Israel as a Royal Priest Among the Nations

Between their exodus from Egyptian slavery and their entrance into the new Eden, the land of promise, Israel encountered God at Mount Sinai. At God’s holy mountain, God commissioned Israel as a royal priest among the nations.

At Sinai, God announced the good news of divine grace and entrusted Israel with a vocation. The good news is that God carried Israel on eagles’ wings from Egypt to Sinai in order to begin a new relationship with them. God entered into covenant with them so that they would become God’s own possession. God would be their God, and they would be God’s people. God blessed Israel with God’s own presence and gave them status as God’s firstborn.

This status, however, came with responsibility.  When God created humanity as the image of God, humanity was invested with the responsibility to fill the earth with divine glory and care for it. In a similar way, when God created Israel, God entered into covenant with them, and called them “my children,” and God gave them a responsibility, a mission, a vocation.

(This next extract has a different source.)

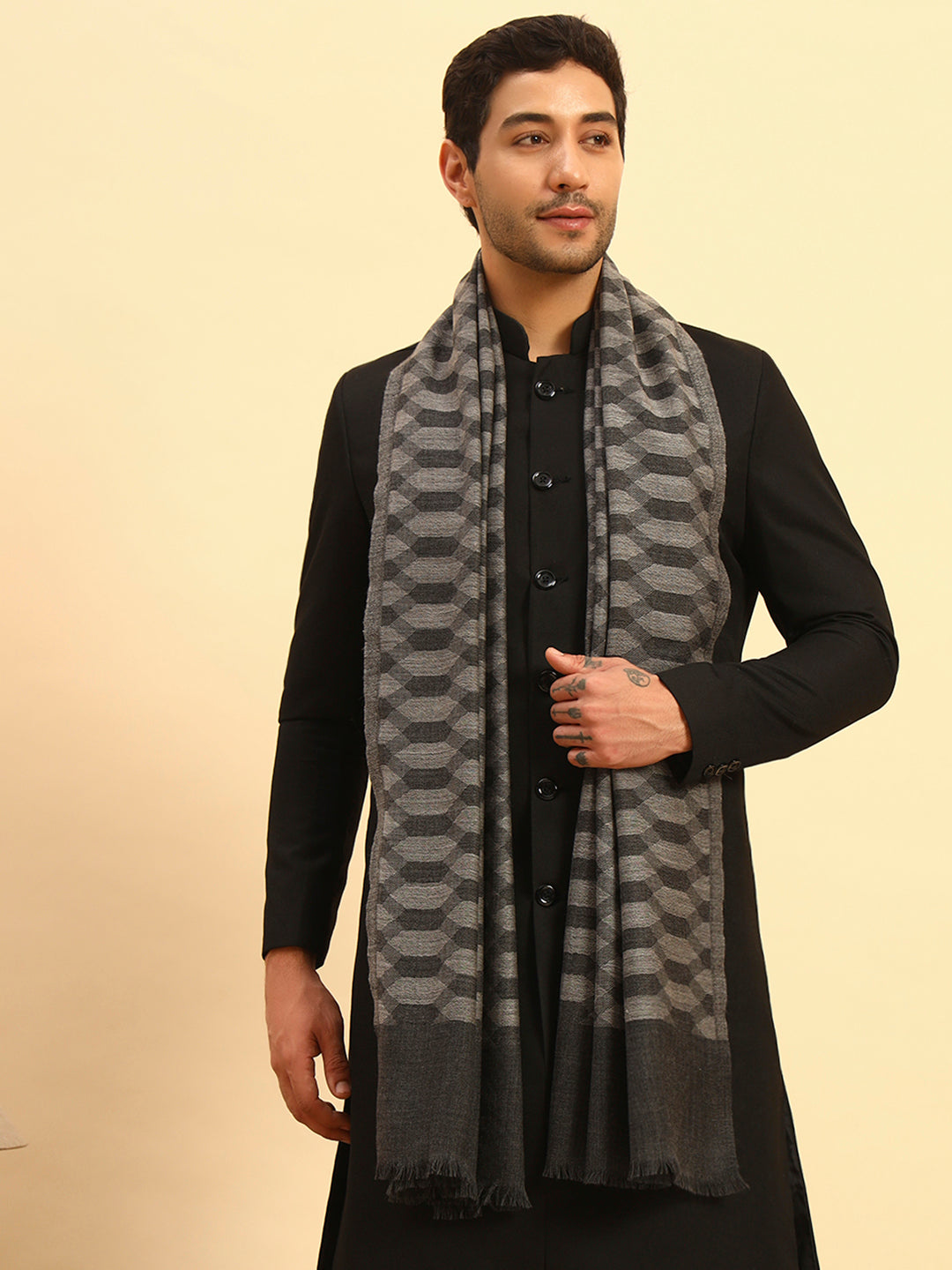His and Her Gift Set of 100% Pure Wool Check Stole and Zari Kaani Shawl With Wooden Gift Box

Like humanity in the beginning, this mission arises out of their role as royal priests. Just as humanity—as the image of God—is a royal priest within the creation, so Israel is a royal priest among the nations. As royalty, they represent God in the world. They embody the values and life of God in their own community as God’s ambassadors. As priests, they mediate the presence and grace of God in the world. In their priestly role, Israel receives God’s blessing in order to bless the nations, and they invite the nations to hear the word of the Lord.

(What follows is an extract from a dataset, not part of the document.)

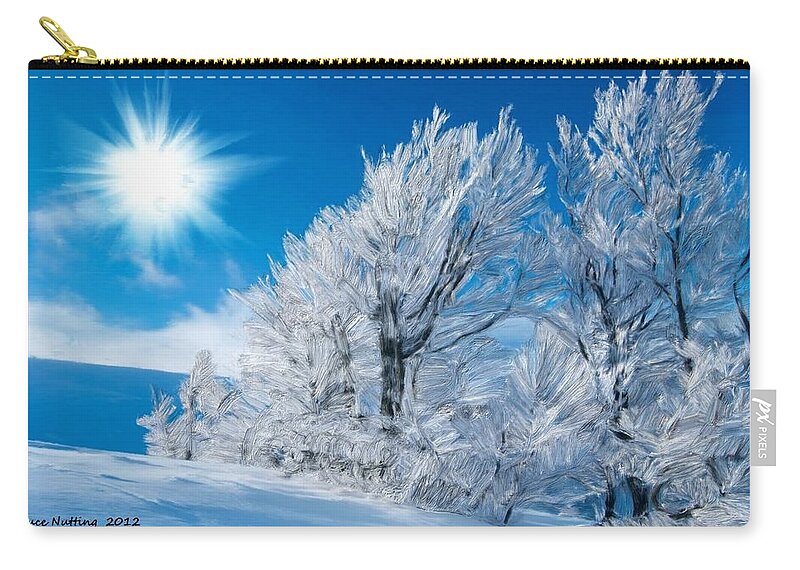Ice Zip Pouch featuring the painting Icy Trees by Bruce Nutting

God wanted Israel to showcase wisdom and understanding, to display divine glory and righteousness. The Torah was a witness to the nations, and if Israel lived by its guidance, the nations would say, as Deuteronomy 4:6 anticipated, “Surely this great nation is a wise and understanding people.” If Israel followed the Torah, they would embody wisdom, and they would show the nations how to live in peace, harmony, and justice. If Israel followed the Torah, Israel would flourish, and in their flourishing they would commend God’s wisdom to the nations.

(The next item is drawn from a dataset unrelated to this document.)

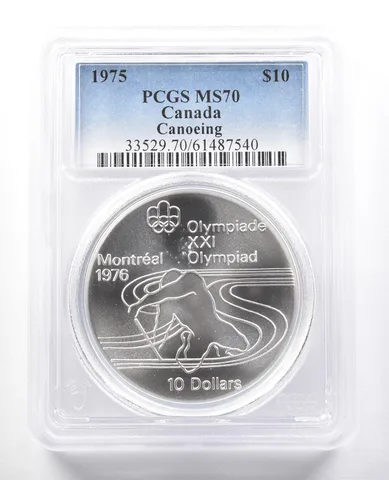 1975 Canada 10 Dollars Silver Montreal Olympics Canoeing MS70 PCGS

The “Great Commission of the Hebrew Bible,” found in Isaiah 49:6, underscores Israel’s missional purpose:  they are a light for the nations and appointed to bring God’s salvation to the ends of the earth. Israel was not simply a means by which God would send the Messiah but also a witness to the holy love of God among the nations.  

As the image of God in the world, Israel served the nations as a shining city on a hill, a light in the darkness. At times, they succeeded, and at other times, they did not, just like us.



3 Responses to “Israel as a Royal Priest Among the Nations”

  1.   Anita Hassey Says:

    Well done, John MarkK! I’m wondering if you ever comment on the many variations of the idea that Israel is still, even now, God’s “chosen” whom He will protect until the end of time. As you well know, there are political ramifications to this point of view, and our foreign policy reflects this belief by many Evangelicals.
    Thanks,
    Anita

  2.   John Mark Hicks Says:

    As we move forward in the series, I will express an opinion about that in general terms, which I think is consistent with the trajectory of the story. In essence, I don’t think the political state of Israel is a fulfillment of God’s intent for Israel, but I do think there is a future role for the Jewish people with whom God has enacted an irrevocable covenant. More later. 🙂 I know…its a teaser.

  3.   Dwight Says:

    According to what we are told in the Gospels, the “nation of Israel” and the nation of the Gentiles were to be united under Christ, one nation…one nationality…the called out…the children of God. The fulfillment of Israel and the Law was Jesus, the Savior of mankind.